• [^] # Re: Principe de précaution

    Posté par . En réponse au lien Quand les experts sonnent l’alarme face aux progrès de l’Intelligence artificielle. Évalué à 3. Dernière modification le 31 mars 2023 à 09:54.

    C'est pas du tout la même chose que d'arrêter de se gouverner. Il est tout à fait logique d'interdire ce qui est nuisible, dans une certaine mesure (dans les faits, tout est histoire de compromis et de contexte historique : la clope et l'alcool sont autorisés, la coke ne l'est pas, etc).

    Là, on parle en gros d'interdire par défaut, et d'attendre l'avis de je ne sais pas trop qui, qui travailleraient sur on ne sait pas quelles données, pour autoriser une technologie. Un principe majeur de nos sociétés, c'est la liberté de faire ce qui n'est pas interdit par la loi.

    Parce qu'avec ce raisonnement, qu'est-ce qui détermine quelle technologie mérite de passer par le principe de précaution? Est-ce que la GPL n'aurait pas du être interdite le temps d'évaluer ses impacts sur la société (et, du coup, peut-être interdite au vu des intérêts économiques en jeu?) Est-ce que Linux n'aurait pas dû être interdit? Et Internet, une porte ouverte à toutes les fenêtres, au pédo-terrorrisme etc? Et les barrages, qui empêchent les poissons de remonter les rivières? Et les éoliennes, qui tuent des oiseaux? Allez hop, on fait des études, des rapports, des milliers et des milliers de pages de rapports, des synthèses de rapports, des conférences, des méta-analyses, des synthèses de conférences qui donneront lieu à des rapports, rapports qui concluront évidemment que "ça dépend", qu'il y a des avantages et des inconvénients, que des gens vont perdre leur boulot alors que d'autres vont en gagner, que les entreprises vont perdre en compétitivité si on n'autorise pas, qu'il vaut peut-être mieux un accident nucléaire tous les 50 ans qu'un changement climatique mondial, mais peut-être pas, mais peut-être que si... Il faudra toujours des études de plus, quel est l'impact économique, l'impact écologique, l'impact social, quels sont les effets à long terme, les effets indirects, les effets sur les finances publiques...

    Vous voulez vraiment vivre dans un monde où il faut remplir une demande d'autorisation pour aller pisser contre un arbre, avec l'autorisation du délégué aux études hydrologiques départementales qui va estimer le temps de passage dans la nappe phréatique, et une étude d'impact du bureau d'études botaniques qui va évaluer l'effet sur la croissance de l'arbre en fonction de si c'est un chêne ou un châtaigner? C'est de la folie. La technophobie ne peut pas remplacer les principes constitutionnels de base.

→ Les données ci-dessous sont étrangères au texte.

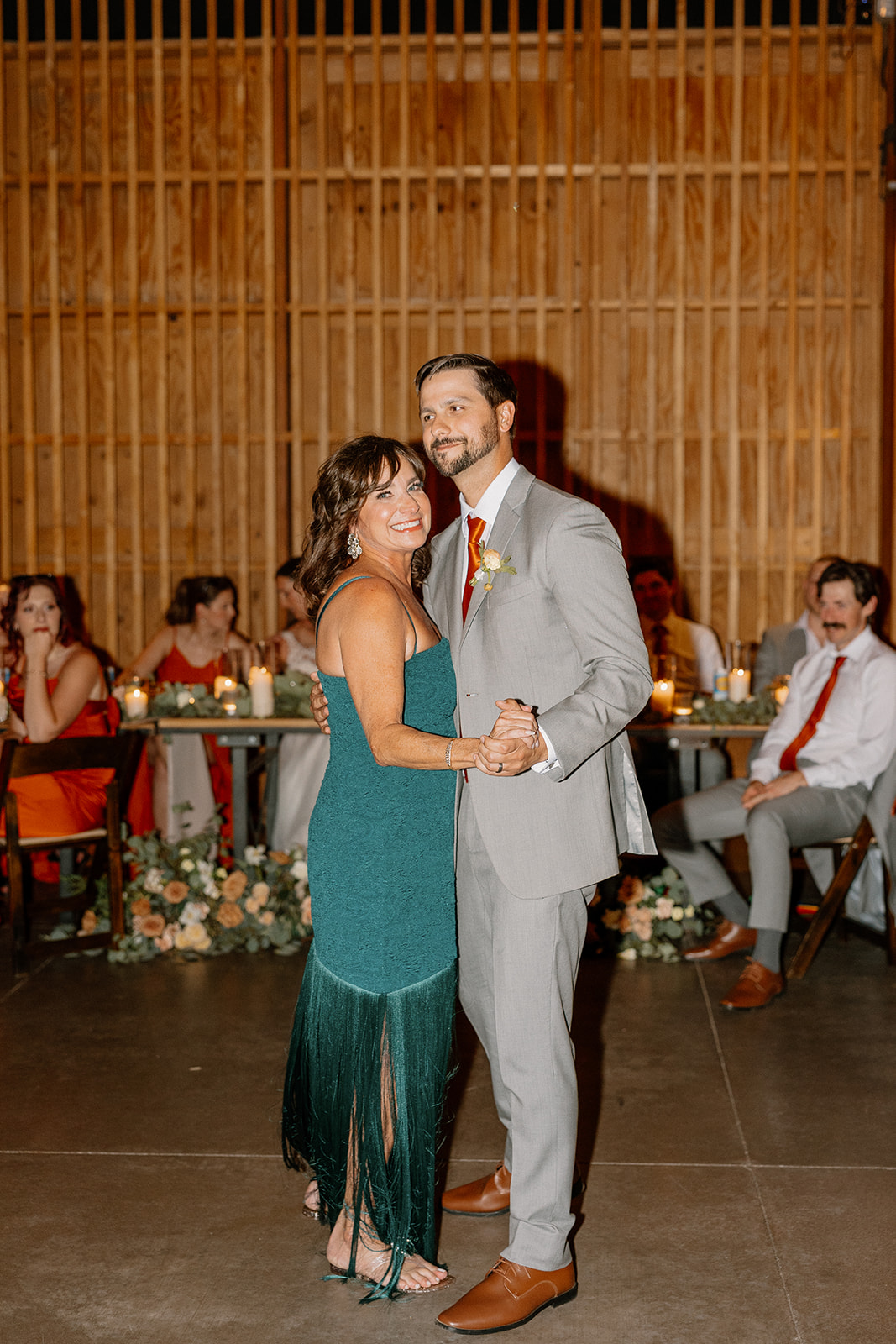 Groom dancing with his mom under the warm glow of the reception lights.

    Sans compter qu'on peut constater tous les jours que tout le monde, au final, se branle copieusement du travail des scientifiques et des ingénieurs. Les études hydrologiques montrent que les "mégabassines" utilisées conformément au protocole augmenterait les niveaux des nappes phréatiques et les débits des cours d'eau pendant l'été? C'est pas grave, on crame tout quand même parce qu'on est contre quand même, et que peut-être si la sécheresse se généralise on ne pourra pas les remplir (et donc? du coup elles seront vides certaines années; c'est sûr que c'est un problème majeur). Aucune étude ne peut montrer un quelconque effet des ondes électromagnétiques des GSM? C'est pas grave, on délivre des certificats médicaux d'électrosensibilité. Tout le monde se contrefout des études, des rapports d'experts, des résultats scientifiques. Ce qui compte pour les technologies, c'est combien ça coûte, combien ça rapporte, combien de gens regarderaient mes vidéos si je suis caricaturellement pour ou contre, combien ça désavantagerait les entreprises françaises si on autorise ou qu'on interdise, à quel point ça embêterait les Russes, les Chinois, les Américains, les Allemands... Quel est le poids des rapports scientifiques dans l'établissement des quotas de pêche? Dans la régulation du trafic maritime? Du trafic aérien? Sur l'emplacement des autoroutes, des lignes de TGV, des aéroports, des parkings de supermarchés? Vous croyez que les cabinets ministériels écoutent les experts universitaires sur l'économie? Sur l'urbanisme? Sur les politiques publiques? Vous croyez que de brandir des rapports de 2000 pages va décourager les opposants à l'enfouissement des déchets nucléaires, aux mégabassines, aux OGM? C'est du flan. Le principe de précaution, c'est un buzzword pour technophobes. Quand on brandit le principe de précaution, on ne veut pas lire des rapports scientifiques, on voudrait juste qu'une technologie qui nous met mal à l'aise soit interdite, "parce que", sans raison (parce que justement, on n'en a aucune).